You'll want a good, 12" stainless steel skillet. It can be worth investing in a good one, but the Emeril Pro-Clad is a deal at only around $35.
Non-stick skillets are disposable. Don't spend a lot of money on non-stick! Especially since you can get a nice one from T-fal for around $26.
A good Dutch Oven will let you make all kinds of yummy stuff. The fancy Le Crueset is pretty expensive, but the cheap Lodge does just about as well for only $70.
Don't waste money on a "knife set". All you need are 3 kinds: An 8" Chef's knife, a serrated knife, and a paring knife. And one of the best Chef's knives is cheap! Check out the Victorinox Fibrox.
Save time, save cleanup, and get better results (especially when baking) by measuring ingredients with a kitchen scale. Recovery Dad loves his OXO with pull-out display.
The awesome little vegetable peelers we mention in the episode are cheap and fun. And you get three in a set so your assistant(s) can help out.
You can eliminate the guesswork as to when meat, poultry, fish, candy, and a lot of things are done by using a good, instant-read thermometer. While our favorite, the Thermapen, looks pretty expensive, just imagine how few steaks you would have to not ruin to have it pay for itself. Highly recommended.
We mention Sous Vide (say "sue veed"). The equipment is getting much cheaper now. Here's a review that covers some promising newcomers to the market.
That cool new way to cook pasta that we raved about? Read all about it at the wonderful Serious Eats blog. Recovery Dad has no plans to cook dry pasta any other way. Save time? Save water? Save energy? And get better pasta? You'll love it.
We also mention the Maillard Reaction, which we'll leave as a fun research project for you.
If you catch the cooking bug, and we hope you do, check out America's Test Kitchen and Cook's Illustrated. Their recipes are always reliable and terrific. You can also find recipes on line at sites like Epicurious. Don't forget that we have recovery-oriented recipes linked right from our own Resources page.
Finally, here's that online cooking school we talked about. It's wonderful. And if you compare it in price to most cooking schools - that you have to travel to - you'll be amazed.
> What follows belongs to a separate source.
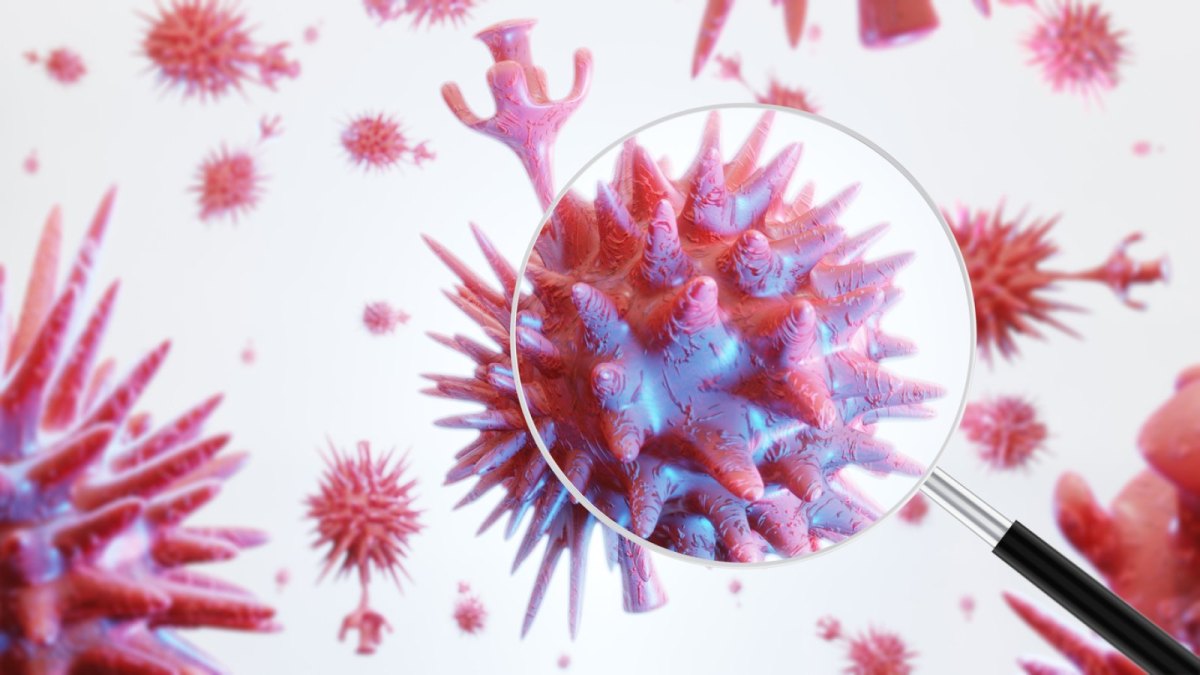 3D-Bild vom Coronavirus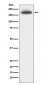 MRC1 Antibody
Get high-quality, fresh ingredients. Find a recipe to try. Follow it the first couple of times until you understand how it works, then just taste as you go and trust your own inspiration. Cooking and baking are a wonderful mix of science and art - and you get to eat the results! Plus, once you're at the right stage of recovery, helping in the kitchen can be a bridge to a healthy relationship with food as well as good bonding time.